18/02/04

A América de Norman Rockwell, por Tinóni

Para começar, o Warhol é um demiurgo mas é o tanas. Tudo ao contrário. O Warhol não sacralizou nada a banalidade. O que ele fez foi banalizar o sagrado, o bom velho sagrado americano, e qualquer parolo do Kentucky sabe isso. O gajo é o anti-Rubliov, capaz de realçar o buço da Virgem Maria e borratar a pintura da Marilyn, fazendo-a parecer um palhaço triste (é claro que era delicado e submisso com quem lhe pagava bem). A arte americana sempre foi figurativa, de uma figuração realista e ao mesmo tempo idealizada. A abstracção e a arte conceptual, de que a pop é bastarda, só chegaram ao outro lado do atlântico no pós-guerra, com o Pollock, o Rothko e outros estrangeirados. A arte original americana sempre foi a arte do quotidiano e da celebração da paisagem, herança do puritanismo dos founding fathers, gente prática pouco dada a expressionismos e estilizações irónicas.
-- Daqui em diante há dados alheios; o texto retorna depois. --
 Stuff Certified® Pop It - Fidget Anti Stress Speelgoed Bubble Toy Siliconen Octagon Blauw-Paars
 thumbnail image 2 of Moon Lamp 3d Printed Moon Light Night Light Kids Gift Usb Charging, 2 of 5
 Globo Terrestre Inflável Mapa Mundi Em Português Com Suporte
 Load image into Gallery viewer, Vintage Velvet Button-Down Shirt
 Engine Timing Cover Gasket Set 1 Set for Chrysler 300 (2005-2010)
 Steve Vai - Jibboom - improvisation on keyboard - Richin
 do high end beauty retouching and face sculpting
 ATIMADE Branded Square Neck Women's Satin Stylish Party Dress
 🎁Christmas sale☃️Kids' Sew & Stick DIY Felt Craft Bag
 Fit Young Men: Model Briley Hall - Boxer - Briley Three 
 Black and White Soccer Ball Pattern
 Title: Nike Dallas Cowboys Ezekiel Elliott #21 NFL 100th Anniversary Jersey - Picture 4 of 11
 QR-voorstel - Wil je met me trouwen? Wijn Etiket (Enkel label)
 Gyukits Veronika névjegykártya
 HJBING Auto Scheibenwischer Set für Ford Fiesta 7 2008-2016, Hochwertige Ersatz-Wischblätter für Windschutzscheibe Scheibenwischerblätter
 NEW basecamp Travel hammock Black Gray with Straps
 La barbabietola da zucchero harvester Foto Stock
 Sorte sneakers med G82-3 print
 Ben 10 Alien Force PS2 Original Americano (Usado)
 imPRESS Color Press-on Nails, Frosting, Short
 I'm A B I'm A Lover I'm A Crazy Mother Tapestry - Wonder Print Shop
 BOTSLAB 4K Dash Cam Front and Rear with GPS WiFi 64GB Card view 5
E são esses quotidiano e paisagem, habitados por heroísmos vários, que constituem a religião americana. Os ícones americanos são os quadros do Norman Rockwell, com famílias felizes a sorver campbell, acabadinhos de sair de um ritual de masturbação secreta e silenciosa com pin ups de corpo inteiro. E representações de vidas de outros santos, por santeiros anónimos. Heróis do desporto e das telas de cinema. Nisso está muito perto do realismo soviético. Como se pode celebrar a Marilyn com aquelas representações frias, mais do que trágicas? Em que altar se penduram? Para que quer um americano (um americano americano) uma pintura de uma lata de sopa, se já tem as prateleiras cheias com o autêntico e as paredes ocupadas com calendários da Betty Grable nas alturas. Para que quer um americano patriota um quadro do Jasper Johns com a stars and stripes pintada? Que não esvoaça, que não se ergue, que de tão realista se torna cínica? Esses ficam para nós, os que também compram réplicas de ícones do Rubliov para gozo estético ou para entreter a vida com réplicas de misticismo. Dois testes finais: o John Wayne gostava do Warholl? É claro que não! Tivesse ele tido forças e tê-lo-ia chutado para fora do templo, a esse paneleiro vendilhão. E o Warhol lançou o Springstein? Pois não, lançou o Lou Reed, o que não é bem a mesma coisa. E pronto, é isto ou o seu contrário. Mas gosto mesmo é dos Malevitch da fase azul electrolux, bons para relaxar ao som de trinados de periquito. E bacalhau.